## Work order
In the entries that follow, repeat exactly the lines from the one that has "В Ярославле полиция" through the one that has "Shop Polo Ralph", but omit pictures.

## Provided records

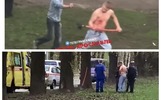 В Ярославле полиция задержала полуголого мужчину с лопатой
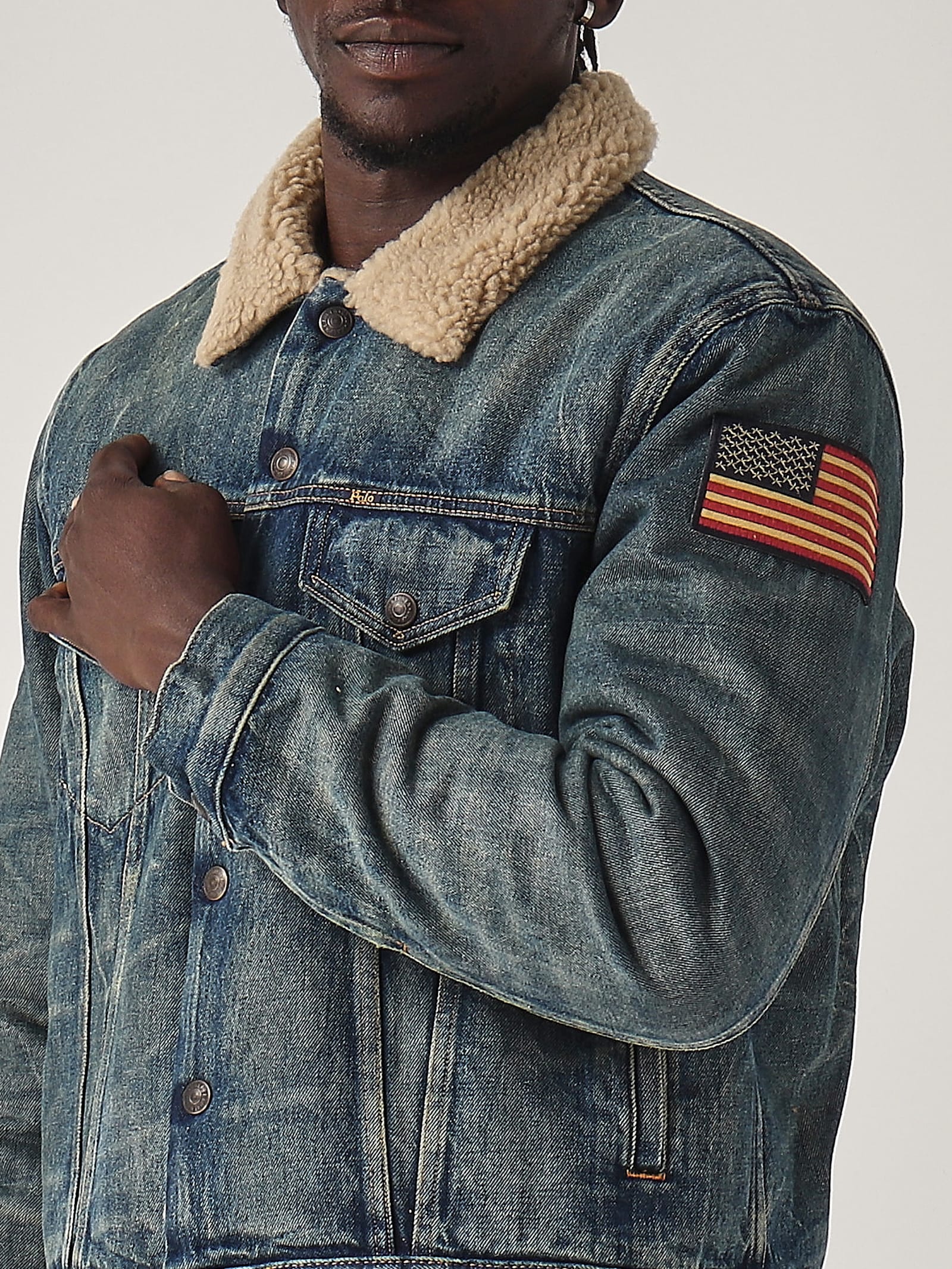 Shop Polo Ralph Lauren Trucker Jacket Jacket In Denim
* * *
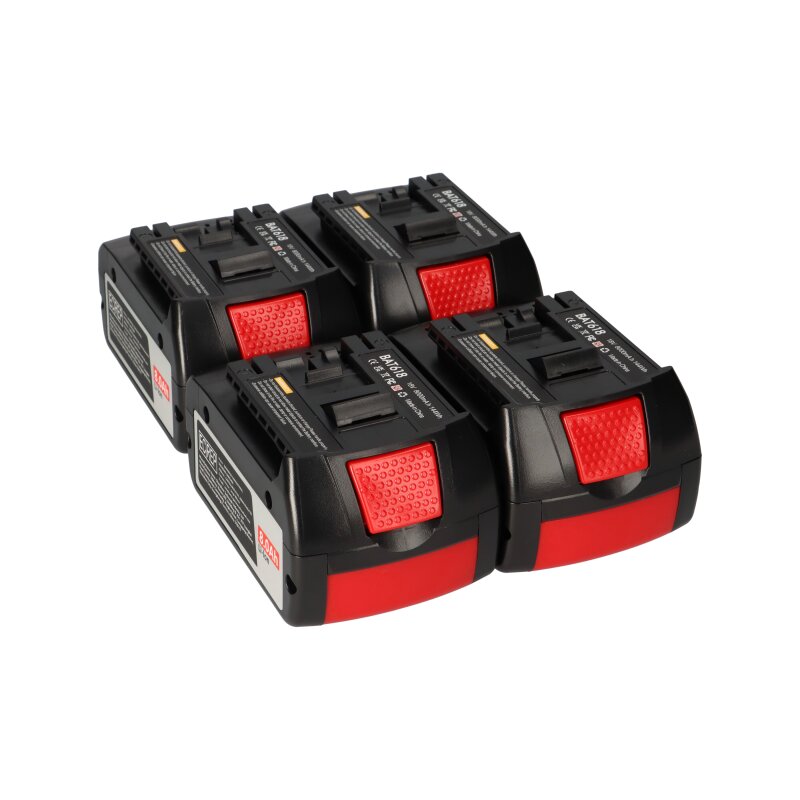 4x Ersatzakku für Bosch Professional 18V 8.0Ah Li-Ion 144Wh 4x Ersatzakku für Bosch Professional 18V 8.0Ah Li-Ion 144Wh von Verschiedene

## Written response
 В Ярославле полиция задержала полуголого мужчину с лопатой
 Shop Polo Ralph Lauren Trucker Jacket Jacket In Denim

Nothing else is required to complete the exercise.